Obviously, i'm a beginner so please forgive me if i didn't formulate the question correctly. Also, my book has only briefly touched on rand() and srand() so that's all i really know.
thanks for any help!
Pertinent code:
First attempt that didn't work:
int main()
{
//...........
coinToss();
//...........
}
int coinToss()
{
unsigned seed = time(0);
srand(seed);
return 1 + rand() % 2;
}
Second attempt which did work:
int main()
{
unsigned seed = time(0);
srand(seed);
coinToss();
}
int coinToss()
{
return 1 + rand() % 2;
}
You probably only want to seed the random number generator once. rand() returns the next pseudo-random number from it's internal generator. Every time you call rand() you will get the next number from the internal generator.
srand() however sets the initial conditions of the random number generator. You can think of it as setting the 'starting-out point' for the internal random number generator (in reality it's a lot more complicated than that, but it's a useful cognitive model to follow).
So, you should be calling srand(time(0)) exactly once in your application - somewhere near the beginning. After that, you can call rand() as many times as you want!
However
To answer your actual question - the first version doesn't work because time() returns the number of seconds since the epoch. So If you call coinToss() several times in a second (say, if you wanted to simulate 100 coin tosses), then you'd be constantly seeding the random number generator with the same number, thereby resetting it's internal state (and thus the next number you get) every time.
Anyway - using time() as a seed to srand() is somewhat crappy for this very reason - time() doesn't chage very often, and worse, it's predictable. If you know the current time, you can work out what rand() will return. The internet has many, many examples of better srand() seeds.
Pseudo-random number generators (like rand) work by taking a single starting number (the seed) and performing a numeric transformation on it each time you request a new number. You want to seed the generator just once, or it will continually get reset, which is not what you want.
As you discovered, you should just call srand just once in main. Also note that a number of rand implementations have pretty short cycles on the low 4 bits or so. In practice this means you might get an easily predictable repeating cycle of numbers You might want to shift the return from rand right by 4-8 bits before you take the % 2.
EDIT: The call would look something like:
return 1 + (rand() >> 6) % 2;
Seed only once per program, not every time you call coinToss()
To expand on Mark B's answer: It is not so much that the random number generator is reset as it sets a new variable to be used in calculating random numbers. However your program doesn't do that much work between calls to srand. Therefore every time you call srand(time(0)) it is using the same seed, so you are resetting the internal state of the random number generator . If you put a sleep in there so that time(0) changed you would not get the same number every time.
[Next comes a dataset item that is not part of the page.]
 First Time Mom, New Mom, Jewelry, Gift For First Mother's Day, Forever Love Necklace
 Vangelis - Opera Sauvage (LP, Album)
As for how data passes from srand to rand, it is fairly simple, a global variable is used. All names that start with an underscore and a capital letter or two underscores are reserved for variables used by your compiler. More than likely this variable has been declared static so it isn't visible outside of the translation unit(aka the library file that contains your compiler's standard library.) This is done so that #define STUFF 5 doesn't break your standard library.
for simple simulations, you must not change the seed at all during the simulation. Your simulation will be "worse" in that case.
To understand this, you should see pseudo random sequences as a big wheel of fortune. When you change the seed, it is like you change the position, and then, each call to rand will give you a different number. If you roll again, it will be more probable finding yourself repeating numbers.